Security Council Sees Hope for Mideast

By SARAH DiLORENZO
The Associated Press
Friday, January 26, 2007; 5:33 AM

UNITED NATIONS -- Security Council members are optimistic that a key meeting next month on the Israel-Palestinian conflict will help revive the stalled peace process, Russia's U.N. ambassador said Thursday.

The so-called quartet of Middle East peace brokers _ the U.S., the European Union, Russia and the U.N. _ will meet in Washington on Feb. 2 to explore ways of reinvigorating peacemaking.

Russian Ambassador Vitaly Churkin said there was hope that the meeting would lead to a wider international conference to end the conflict.

"There was a strong feeling that there were some signs of hope, which should be fully taken advantage of by the international community," Churkin told reporters after a Security Council meeting on the situation in the Middle East.

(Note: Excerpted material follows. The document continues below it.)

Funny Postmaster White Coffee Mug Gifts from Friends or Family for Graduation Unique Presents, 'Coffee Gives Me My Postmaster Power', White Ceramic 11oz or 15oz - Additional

"Maybe not in such a long run, this process could culminate in an international conference, which needs to be well prepared, but which would bring about a long-awaited settlement of the situation in the Middle East," he said.

A "road map" for peace launched by the quartet in 2003 never got off the ground because each side failed to meet its initial obligations. The plan outlined stages for creating a Palestinian state alongside Israel.

However, there has been flurry of diplomatic activity in recent weeks to revive the peace process, and Israeli Foreign Minister Tzipi Livni and Palestinian President Mahmoud Abbas planned to meet Friday on the sidelines of the World Economic Forum in Davos, Switzerland.

Churkin said key to next month's meeting will be helping the Palestinians form a unity government.

Abbas, of the more moderate Fatah party, has been locked in a power struggle with the Islamic militant Hamas, which won control of the Palestinian parliament in elections last year. Dozens of people have been killed in fighting between the rival factions.

Abbas has been pushing for a unity government partly as a bid to end Western sanctions imposed on the Hamas-led government for its refusal to renounce violence and recognize Israel's right to exist.

Ibrahim Gambari, undersecretary-general for political affairs, told the Security Council that despite the sanctions, aid to the territories rose nearly 10 percent in 2006 over the previous year.

Gambari said more than half of the aid had come from Arab countries. Some Western countries have continued to fund humanitarian programs for the Palestinians, but the aid bypasses the government in keeping with the embargo.

Despite the increase in aid, Gambari said the territories' GDP per capita fell by at least 8 percent in 2006 and poverty rose by 30 percent.

Without a revived peace process, Gambari said, "the most that aid can do is contain for a limited time the spread of grievances and the spread of instability."